Diskussion ums Bürgergeld
Wichtig sei die Förderung der Wirtschaft, die schaffe Arbeitsplätze, und das sei eine Investition in die Zukunft, so die Meinung aller Gäste. Dafür müsse an anderer Stelle gespart werden. Beim Bürgergeld zum Beispiel, das Brinkhaus senken möchte, damit der Unterschied zu den Menschen größer würde, die arbeiten. Das ist jedoch mit der SPD nicht zu machen.
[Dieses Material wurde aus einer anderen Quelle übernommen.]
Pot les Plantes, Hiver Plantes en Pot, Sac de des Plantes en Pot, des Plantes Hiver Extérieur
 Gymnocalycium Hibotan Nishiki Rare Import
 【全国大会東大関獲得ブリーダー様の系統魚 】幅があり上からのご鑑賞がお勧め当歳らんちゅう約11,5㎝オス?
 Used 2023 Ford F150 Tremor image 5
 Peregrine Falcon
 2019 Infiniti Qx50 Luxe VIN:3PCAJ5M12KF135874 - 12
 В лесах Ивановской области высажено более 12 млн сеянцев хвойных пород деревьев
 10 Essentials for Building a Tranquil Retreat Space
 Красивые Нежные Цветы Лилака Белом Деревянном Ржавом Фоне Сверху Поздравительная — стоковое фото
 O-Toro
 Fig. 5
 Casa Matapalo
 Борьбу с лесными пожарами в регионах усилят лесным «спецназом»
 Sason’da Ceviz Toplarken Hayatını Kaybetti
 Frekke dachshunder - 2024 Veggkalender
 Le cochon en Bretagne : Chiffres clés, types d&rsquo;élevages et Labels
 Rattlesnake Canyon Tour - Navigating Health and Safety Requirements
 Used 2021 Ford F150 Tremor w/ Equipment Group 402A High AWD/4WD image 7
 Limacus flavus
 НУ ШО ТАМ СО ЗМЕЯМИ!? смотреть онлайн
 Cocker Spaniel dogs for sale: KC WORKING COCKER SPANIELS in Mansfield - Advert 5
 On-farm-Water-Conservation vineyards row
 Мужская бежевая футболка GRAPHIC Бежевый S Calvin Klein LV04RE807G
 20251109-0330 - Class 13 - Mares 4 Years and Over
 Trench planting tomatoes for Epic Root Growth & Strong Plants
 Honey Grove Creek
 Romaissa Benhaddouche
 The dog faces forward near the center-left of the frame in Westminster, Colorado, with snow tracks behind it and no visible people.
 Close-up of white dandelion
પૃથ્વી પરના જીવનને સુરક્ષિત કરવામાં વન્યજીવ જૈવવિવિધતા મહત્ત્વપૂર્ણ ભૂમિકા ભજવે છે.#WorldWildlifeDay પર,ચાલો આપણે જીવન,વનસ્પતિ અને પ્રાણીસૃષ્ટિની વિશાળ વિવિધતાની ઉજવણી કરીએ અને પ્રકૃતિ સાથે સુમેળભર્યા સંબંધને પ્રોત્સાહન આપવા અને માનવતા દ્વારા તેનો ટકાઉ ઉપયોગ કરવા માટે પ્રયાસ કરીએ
Man könne die Lücke zwischen Bürgergeld und Mindestlohn auch dadurch erhöhen, dass die Löhne insgesamt steigen, meint Ralf Stegner.
Kuhle hat noch weitere Ideen: Er möchte bei den Subventionen sparen und schlägt eine europaweite Kerosinsteuer vor. Außerdem möchte er über die Erhöhung des Renteneintrittsalters diskutieren, und er fragt sich, ob ukrainische Flüchtlinge schon bei ihrer Einreise automatisch Bürgergeld bekommen sollten.
Welche Sparmöglichkeiten es am Ende auch gibt, Brinkhaus ist optimistisch: "Ein guter Finanzminister und eine gute Opposition kriegen das hin." Sowohl Fördermaßnahmen als auch einen verfassungsgemäßen Haushalt werde es im nächsten Jahr geben. "Da ist nicht irgendwie ein Meteorit eingeschlagen, sondern wir haben einfach nur ein paar Herausforderungen." Und etwas später appelliert er: "Wir sollten die Panik ein bisschen rausnehmen."